Dror Benshetrit, an Israeli-born creative, unveiled a project he has spent four years working on today at the Design Indaba. Social media channels were alight with the news that he was ‘giving birth,’ and it was indeed a momentous and stirring occasion. QuaDror, the revolutionary support structure that he and his team have invented, is composed of four identical L-shaped pieces, that, when arranged in a certain, form a solid base for a vast array of structures. Dror explained that he was building on work done by the likes of Da Vinci and Buckminster Fuller, if that gives you an idea of the magnitude of the occasion.
Acclaimed UK design agency, Hat-Trick, were my favourite, rifling through a collection of 19 incredibly emotive pieces of work at a rate of knots and with tons of charm and laughs along the way. From typographic campaigns for the Sumatran Orangutang Society to self-published volumes that are there for no other reason than to exist as a memoir of one person’s life, Hat-Trick have spent time and energy on ideas. Great ideas.
And that’s what the Design Indaba is all about. Giving room, appreciation and light to great ideas. Whether they be about affecting social change, or getting people to do or see something, or just because.
Three trends that seemed to make their presence felt on day 1, and which I look forward to seeing develop in the next 2 days include:
1. Co-design – collaborating with other creatives and with direct users of products to create the best solutions possible.
2. Design that improves lives and living – from healthcare, to public transport, to banking.
3. Design for innovation’s sake – design for no other reason than to create something exquisite, hilarious or historic. As South African speaker Richard Hart termed it: ‘Utterly beautiful, but useless.’
These are trends that filter implicitly into fashion, too. We see brands incorporating elements of co-design into their businesses in many ways. Take, for example, the hauling trend that has taken America by storm. Corporations now approach girls in their specific target markets to do their hauls and to consult on what other girls want. Collaboration, too, has become an important mechanism for both economising and innovating in the fashion industry. Look at luxury brand collaborations with high street chain stores – Lanvin x H&M or Kate Moss for Topshop.

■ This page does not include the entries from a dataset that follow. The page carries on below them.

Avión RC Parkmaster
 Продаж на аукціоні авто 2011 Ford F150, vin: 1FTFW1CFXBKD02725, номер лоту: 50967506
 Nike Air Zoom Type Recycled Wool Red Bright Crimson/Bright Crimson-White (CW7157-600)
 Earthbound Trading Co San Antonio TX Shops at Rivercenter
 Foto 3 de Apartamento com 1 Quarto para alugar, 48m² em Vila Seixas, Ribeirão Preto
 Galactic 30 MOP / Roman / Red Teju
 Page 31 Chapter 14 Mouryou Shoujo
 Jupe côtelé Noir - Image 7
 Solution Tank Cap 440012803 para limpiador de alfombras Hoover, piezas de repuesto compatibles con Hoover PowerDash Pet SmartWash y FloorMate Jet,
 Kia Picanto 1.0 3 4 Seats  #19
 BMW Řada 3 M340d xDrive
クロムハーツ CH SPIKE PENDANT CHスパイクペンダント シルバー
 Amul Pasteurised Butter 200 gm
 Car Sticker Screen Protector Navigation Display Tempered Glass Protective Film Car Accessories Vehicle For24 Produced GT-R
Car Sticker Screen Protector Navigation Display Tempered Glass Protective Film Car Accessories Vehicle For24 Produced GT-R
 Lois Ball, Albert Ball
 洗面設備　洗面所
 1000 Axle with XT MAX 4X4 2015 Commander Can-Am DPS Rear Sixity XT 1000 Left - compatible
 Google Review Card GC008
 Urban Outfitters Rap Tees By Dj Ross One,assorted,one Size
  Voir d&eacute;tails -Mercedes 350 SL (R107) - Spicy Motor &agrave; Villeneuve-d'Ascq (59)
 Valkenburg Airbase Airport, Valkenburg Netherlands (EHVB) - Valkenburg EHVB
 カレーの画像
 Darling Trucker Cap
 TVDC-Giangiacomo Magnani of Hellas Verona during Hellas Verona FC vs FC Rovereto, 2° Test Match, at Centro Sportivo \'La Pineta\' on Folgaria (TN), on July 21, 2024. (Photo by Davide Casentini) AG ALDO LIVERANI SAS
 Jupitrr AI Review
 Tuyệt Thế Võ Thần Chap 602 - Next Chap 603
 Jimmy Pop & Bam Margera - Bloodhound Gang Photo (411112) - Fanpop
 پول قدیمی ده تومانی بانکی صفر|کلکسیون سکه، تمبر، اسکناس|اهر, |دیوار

More and more, fashion is also developing a conscience. How do you feel about wearing fur or leather? Or have you considered the impact your spending habits have on your carbon footprint? What kind of packaging did your brand new shoes come in? Do you support brands that manufacture their clothing under harsh working conditions? These are things the fashion industry is also taking into consideration, design wise.
And of course, the final point. Art for art’s sake. I watched The Last Emperor, a movie about Valentino and his decadent, crumbling empire this week at the Design Indaba Film Fest, and it plays very much to this dichotomy: excess and fabulousness (or art for art’s sake) vs. modernity and commercialism. 90% of revenue at big fashion houses is generated through accessories, like handbags, belts and watches, not through the extravagant couture shows we all love to love. How can someone like Valentino, whose gowns are handstitched by a team of eagle-eyed artists, and to whom each gown is a triumph, conceive of licensing away his name and churning out hundreds of V-emblazoned clutch bags to the masses? Economy dictates these changes.
Perhaps more fashion people need to come and spend a day at Design Indaba. Perhaps we all need to relook the way we perceive design and its purpose, and see that it can be used to change lives, to educate and to stun.